The BHAM team will be joining Javelin as part of the transaction, and Justin Kendrick, the principal and founder of BHAM, will join Javelin as its new chief investment officer.
The acquisition has been in the works for almost six months, following the awarding to Javelin, last June, of a Capital Markets Services licence by the Monetary Authority of Singapore (MAS), Davies said. It will take effect in the first quarter of 2014.
The purchase price and other details of the transaction were not disclosed.
‘Differentiation’
Davies said he took the decision to expand Javelin and widen its product and service offering in order to better differentiate it from the Singaporean private banks and financial advisory businesses in Singapore that “remain heavily transaction-focused”.
It also comes at a time when many financial advisers in Singapore are re-visiting their business models in response to regulatory changes being brought in by the Monetary Authority of Singapore, through its Financial Advisory Industry Review. The changes are aimed at ensuring higher standards among advisers, greater transparency, and better tailoring of advice to suit individuals’ needs.
The CMS licence will permit Javelin, which was formerly licensed by the MAS as a financial adviser, to provide its clients with in-house discretionary asset management and fund management services, in addition to its existing advisory services. The new service offering is limited to ‘accredited investors’ whose net personal assets exceed S$2m (£977,000, $1.6m).

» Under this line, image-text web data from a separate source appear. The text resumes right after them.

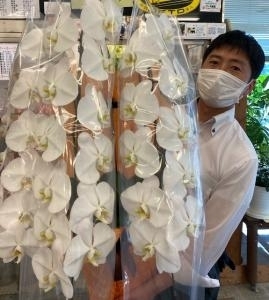 6月8日（水）｜「ｎａｔｕｒｅ（ナチュレ）」　（滋賀県野洲市の花キューピット加盟店 花屋）のブログ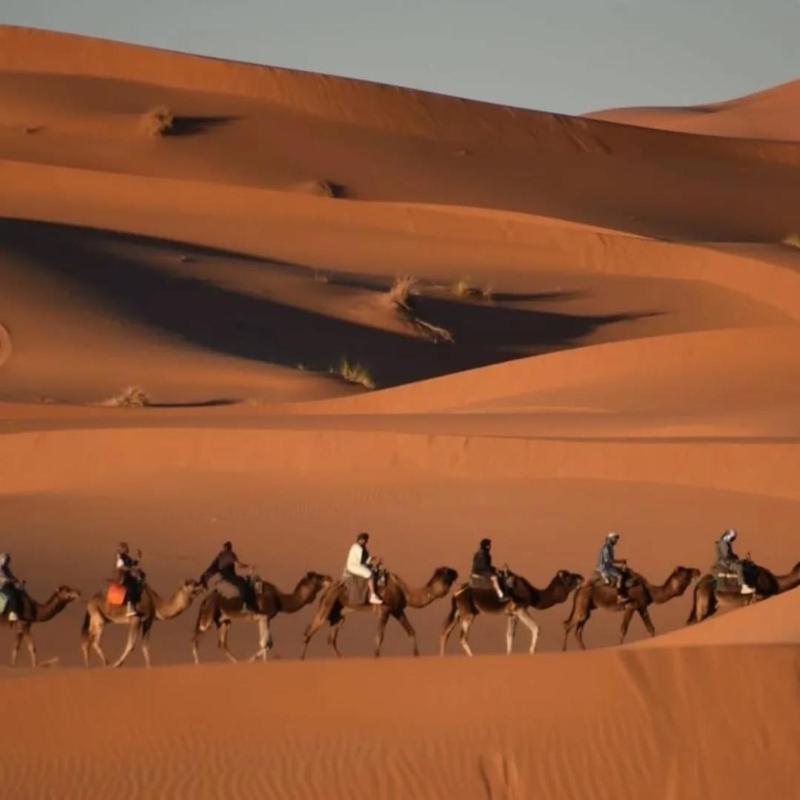 Bikhir Luxury Camp - image 10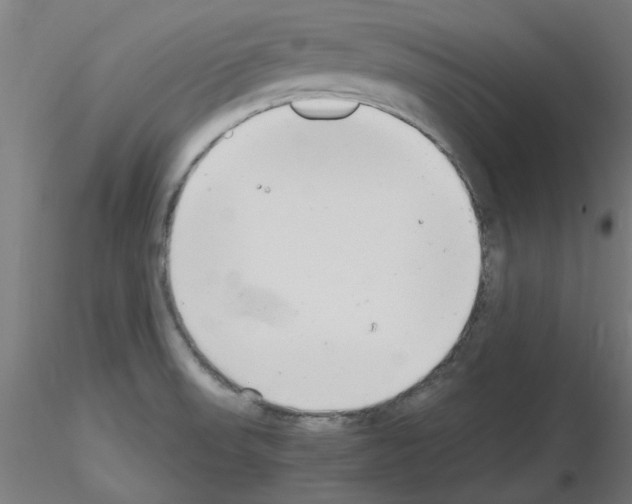 X0000116141523201001041022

“In my view, many clients today are looking for a more integrated and activist wealth management offering, rather than a purely advisory role, from their advisers,” Davies, who is Javelin’s chief executive and largest shareholder, said.
“With our new licence, our clients can now choose between our existing advisory offering, or our new discretionary portfolio management service.”
Davies founded Javelin in 2004 to look after high net worth investors in Singapore, which was in the process of transforming itself into a regional wealth management hub. The decision to set up his own business was prompted, he says, by his receiving some particularly poor advice from an adviser, which helped him to see the potential market for the type of ethically sound and transparent advice that he had sought.
Javelin now has around US$80m in assets under advice, and around 72 individual clients. The acquisition of the BHAM funds and its team will increase firm assets in early 2014 to US$100m, with discussions on new mandates also ongoing, according to Davies.